Start of Block

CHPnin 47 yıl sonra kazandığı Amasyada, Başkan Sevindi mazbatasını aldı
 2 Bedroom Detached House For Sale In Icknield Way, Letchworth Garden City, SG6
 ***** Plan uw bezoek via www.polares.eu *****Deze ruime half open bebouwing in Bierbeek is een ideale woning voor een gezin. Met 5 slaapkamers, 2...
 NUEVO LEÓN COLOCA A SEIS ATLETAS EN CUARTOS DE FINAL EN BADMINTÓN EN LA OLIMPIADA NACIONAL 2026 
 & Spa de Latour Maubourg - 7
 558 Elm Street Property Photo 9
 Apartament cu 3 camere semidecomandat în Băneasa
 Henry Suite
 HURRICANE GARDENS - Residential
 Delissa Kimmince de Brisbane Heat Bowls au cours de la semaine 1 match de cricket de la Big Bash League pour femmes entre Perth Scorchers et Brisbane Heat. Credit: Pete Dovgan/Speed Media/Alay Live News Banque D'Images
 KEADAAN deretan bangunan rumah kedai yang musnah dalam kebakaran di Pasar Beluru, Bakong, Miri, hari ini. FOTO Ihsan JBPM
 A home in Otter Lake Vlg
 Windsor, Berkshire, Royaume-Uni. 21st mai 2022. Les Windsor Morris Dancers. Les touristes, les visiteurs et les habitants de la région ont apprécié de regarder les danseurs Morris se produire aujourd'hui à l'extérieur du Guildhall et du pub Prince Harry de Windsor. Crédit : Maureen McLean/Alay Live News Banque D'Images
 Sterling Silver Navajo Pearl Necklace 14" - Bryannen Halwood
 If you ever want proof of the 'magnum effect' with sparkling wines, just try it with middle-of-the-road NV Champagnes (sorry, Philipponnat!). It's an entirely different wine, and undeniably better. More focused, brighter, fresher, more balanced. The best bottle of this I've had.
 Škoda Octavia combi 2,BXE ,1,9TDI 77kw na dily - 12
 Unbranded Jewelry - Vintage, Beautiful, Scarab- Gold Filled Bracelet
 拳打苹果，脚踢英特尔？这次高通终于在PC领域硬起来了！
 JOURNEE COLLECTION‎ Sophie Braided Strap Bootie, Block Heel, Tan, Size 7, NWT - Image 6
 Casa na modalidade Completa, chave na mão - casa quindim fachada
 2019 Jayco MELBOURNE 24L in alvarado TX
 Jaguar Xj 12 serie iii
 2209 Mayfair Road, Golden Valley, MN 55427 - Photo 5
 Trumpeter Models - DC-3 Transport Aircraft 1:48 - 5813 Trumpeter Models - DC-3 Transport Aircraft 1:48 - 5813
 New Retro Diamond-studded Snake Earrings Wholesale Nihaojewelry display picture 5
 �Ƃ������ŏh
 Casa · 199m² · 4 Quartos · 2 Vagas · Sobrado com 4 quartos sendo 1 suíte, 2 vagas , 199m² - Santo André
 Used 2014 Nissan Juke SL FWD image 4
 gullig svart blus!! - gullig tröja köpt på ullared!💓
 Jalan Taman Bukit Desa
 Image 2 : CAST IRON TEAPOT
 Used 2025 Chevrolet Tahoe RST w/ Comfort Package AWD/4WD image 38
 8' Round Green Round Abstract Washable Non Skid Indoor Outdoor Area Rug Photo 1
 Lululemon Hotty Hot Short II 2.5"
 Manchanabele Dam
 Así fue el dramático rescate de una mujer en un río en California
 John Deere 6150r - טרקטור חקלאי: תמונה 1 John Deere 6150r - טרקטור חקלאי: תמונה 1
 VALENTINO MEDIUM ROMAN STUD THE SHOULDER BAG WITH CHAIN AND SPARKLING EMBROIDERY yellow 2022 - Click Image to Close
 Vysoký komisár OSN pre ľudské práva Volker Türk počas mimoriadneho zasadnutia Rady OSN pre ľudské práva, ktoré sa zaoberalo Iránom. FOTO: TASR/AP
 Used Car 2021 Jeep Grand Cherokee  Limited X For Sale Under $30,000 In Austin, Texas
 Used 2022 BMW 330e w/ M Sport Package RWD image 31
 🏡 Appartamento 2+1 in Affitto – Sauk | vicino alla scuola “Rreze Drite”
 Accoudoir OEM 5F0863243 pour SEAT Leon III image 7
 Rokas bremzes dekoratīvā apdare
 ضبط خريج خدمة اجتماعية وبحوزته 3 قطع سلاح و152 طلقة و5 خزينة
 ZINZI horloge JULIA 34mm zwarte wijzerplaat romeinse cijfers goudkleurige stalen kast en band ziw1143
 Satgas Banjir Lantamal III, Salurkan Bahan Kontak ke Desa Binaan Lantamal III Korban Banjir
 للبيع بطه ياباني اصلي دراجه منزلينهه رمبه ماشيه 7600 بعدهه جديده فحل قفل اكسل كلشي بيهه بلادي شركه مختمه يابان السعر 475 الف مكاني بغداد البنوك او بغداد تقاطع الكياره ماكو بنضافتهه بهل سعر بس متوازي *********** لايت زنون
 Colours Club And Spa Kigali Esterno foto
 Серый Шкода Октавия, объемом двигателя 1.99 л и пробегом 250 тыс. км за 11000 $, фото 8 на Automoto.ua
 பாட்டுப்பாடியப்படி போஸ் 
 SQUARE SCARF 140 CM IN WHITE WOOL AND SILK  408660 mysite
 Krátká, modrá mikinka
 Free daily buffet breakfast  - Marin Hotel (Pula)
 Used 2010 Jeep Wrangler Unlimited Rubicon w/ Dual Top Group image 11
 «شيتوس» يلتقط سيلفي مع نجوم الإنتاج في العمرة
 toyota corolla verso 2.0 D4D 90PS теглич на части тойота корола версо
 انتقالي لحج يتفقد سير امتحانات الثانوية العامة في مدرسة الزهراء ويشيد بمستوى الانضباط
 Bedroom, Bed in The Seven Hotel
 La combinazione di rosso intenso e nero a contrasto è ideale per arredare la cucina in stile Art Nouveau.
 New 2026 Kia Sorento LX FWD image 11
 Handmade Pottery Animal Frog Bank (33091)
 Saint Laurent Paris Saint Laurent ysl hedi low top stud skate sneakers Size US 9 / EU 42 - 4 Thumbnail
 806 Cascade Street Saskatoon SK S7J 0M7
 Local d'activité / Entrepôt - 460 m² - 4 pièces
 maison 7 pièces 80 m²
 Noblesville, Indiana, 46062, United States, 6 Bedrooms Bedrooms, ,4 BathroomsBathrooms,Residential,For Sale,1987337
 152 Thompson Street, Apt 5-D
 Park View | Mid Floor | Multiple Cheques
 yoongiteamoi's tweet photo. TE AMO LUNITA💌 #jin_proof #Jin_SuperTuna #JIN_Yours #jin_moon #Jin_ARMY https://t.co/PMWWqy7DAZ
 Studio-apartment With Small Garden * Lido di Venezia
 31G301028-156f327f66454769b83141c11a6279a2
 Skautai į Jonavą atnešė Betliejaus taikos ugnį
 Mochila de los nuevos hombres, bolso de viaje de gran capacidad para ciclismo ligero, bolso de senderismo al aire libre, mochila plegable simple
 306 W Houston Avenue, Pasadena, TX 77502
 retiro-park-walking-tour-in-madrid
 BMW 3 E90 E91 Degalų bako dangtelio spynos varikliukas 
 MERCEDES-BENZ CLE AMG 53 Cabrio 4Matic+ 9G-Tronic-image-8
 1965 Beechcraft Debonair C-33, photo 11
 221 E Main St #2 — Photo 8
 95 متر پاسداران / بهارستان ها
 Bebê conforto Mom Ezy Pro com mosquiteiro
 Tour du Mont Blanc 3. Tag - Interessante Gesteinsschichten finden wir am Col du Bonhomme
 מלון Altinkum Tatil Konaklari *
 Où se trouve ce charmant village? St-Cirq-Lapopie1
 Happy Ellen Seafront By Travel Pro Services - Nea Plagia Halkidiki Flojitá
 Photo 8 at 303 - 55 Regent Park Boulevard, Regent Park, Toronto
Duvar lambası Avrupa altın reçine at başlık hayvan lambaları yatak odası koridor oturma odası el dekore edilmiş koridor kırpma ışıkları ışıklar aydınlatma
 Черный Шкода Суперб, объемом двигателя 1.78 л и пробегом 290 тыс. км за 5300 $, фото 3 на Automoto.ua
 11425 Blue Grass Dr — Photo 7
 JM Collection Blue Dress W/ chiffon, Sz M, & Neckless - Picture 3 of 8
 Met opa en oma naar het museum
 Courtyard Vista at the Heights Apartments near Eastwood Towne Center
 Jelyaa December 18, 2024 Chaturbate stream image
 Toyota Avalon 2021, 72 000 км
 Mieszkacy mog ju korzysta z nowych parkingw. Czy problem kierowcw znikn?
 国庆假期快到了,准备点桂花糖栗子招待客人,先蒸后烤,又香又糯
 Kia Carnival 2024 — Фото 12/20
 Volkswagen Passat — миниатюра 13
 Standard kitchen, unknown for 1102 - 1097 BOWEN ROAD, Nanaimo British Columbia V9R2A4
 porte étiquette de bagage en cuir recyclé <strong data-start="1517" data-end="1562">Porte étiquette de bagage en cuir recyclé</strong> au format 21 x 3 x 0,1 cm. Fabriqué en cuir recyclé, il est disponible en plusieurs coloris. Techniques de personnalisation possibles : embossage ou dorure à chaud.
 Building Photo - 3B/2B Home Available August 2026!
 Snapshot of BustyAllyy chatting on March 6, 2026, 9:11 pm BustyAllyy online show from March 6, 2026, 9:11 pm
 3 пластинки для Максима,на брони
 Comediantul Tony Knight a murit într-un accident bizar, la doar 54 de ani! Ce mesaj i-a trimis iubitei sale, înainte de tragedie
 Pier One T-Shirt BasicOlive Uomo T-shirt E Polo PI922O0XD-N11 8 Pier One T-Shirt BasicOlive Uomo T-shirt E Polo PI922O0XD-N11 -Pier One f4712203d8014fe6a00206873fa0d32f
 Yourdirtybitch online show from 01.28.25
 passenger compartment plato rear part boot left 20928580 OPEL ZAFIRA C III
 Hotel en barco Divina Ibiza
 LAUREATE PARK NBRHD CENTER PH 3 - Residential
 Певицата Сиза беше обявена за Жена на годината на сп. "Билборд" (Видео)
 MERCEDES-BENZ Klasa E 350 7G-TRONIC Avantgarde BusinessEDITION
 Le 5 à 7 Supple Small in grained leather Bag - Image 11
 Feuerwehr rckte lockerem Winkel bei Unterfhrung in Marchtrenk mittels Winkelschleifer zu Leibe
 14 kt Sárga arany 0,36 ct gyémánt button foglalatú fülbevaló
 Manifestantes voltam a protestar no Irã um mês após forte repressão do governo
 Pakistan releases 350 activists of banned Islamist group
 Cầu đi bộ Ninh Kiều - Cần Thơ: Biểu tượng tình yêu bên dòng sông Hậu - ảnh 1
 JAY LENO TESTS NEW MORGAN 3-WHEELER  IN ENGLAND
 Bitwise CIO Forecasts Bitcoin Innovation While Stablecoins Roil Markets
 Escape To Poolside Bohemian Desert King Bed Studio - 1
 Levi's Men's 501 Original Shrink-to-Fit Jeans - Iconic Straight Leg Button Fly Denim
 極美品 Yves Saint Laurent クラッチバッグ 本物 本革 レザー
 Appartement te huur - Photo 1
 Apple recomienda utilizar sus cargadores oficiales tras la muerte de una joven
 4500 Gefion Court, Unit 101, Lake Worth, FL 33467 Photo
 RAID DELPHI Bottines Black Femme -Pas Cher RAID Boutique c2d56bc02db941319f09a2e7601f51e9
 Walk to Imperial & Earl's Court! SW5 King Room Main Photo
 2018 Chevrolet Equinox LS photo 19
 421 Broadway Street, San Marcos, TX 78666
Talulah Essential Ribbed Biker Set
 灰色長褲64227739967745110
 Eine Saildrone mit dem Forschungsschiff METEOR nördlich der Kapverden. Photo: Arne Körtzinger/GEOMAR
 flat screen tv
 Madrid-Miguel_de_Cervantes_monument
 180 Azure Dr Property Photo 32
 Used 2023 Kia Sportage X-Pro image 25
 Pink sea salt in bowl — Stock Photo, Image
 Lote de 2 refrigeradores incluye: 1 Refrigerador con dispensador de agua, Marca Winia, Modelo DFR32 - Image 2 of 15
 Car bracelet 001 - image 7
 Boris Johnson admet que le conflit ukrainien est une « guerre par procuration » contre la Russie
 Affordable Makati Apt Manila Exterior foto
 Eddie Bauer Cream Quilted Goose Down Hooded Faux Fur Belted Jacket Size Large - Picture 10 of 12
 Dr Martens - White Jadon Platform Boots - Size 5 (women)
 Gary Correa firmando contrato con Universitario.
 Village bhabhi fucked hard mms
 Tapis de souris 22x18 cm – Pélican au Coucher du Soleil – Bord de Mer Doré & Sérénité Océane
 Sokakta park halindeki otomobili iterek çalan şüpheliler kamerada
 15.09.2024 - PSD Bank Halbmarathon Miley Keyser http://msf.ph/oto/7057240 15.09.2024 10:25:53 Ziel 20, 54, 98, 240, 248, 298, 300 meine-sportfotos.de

End of Block

About this exercise: Return only the stretch of the material above from the line holding "14 kt Sárga" through the line holding "4500 Gefion Court, Unit", copied exactly.

Response to this exercise:
 14 kt Sárga arany 0,36 ct gyémánt button foglalatú fülbevaló
 Manifestantes voltam a protestar no Irã um mês após forte repressão do governo
 Pakistan releases 350 activists of banned Islamist group
 Cầu đi bộ Ninh Kiều - Cần Thơ: Biểu tượng tình yêu bên dòng sông Hậu - ảnh 1
 JAY LENO TESTS NEW MORGAN 3-WHEELER  IN ENGLAND
 Bitwise CIO Forecasts Bitcoin Innovation While Stablecoins Roil Markets
 Escape To Poolside Bohemian Desert King Bed Studio - 1
 Levi's Men's 501 Original Shrink-to-Fit Jeans - Iconic Straight Leg Button Fly Denim
 極美品 Yves Saint Laurent クラッチバッグ 本物 本革 レザー
 Appartement te huur - Photo 1
 Apple recomienda utilizar sus cargadores oficiales tras la muerte de una joven
 4500 Gefion Court, Unit 101, Lake Worth, FL 33467 Photo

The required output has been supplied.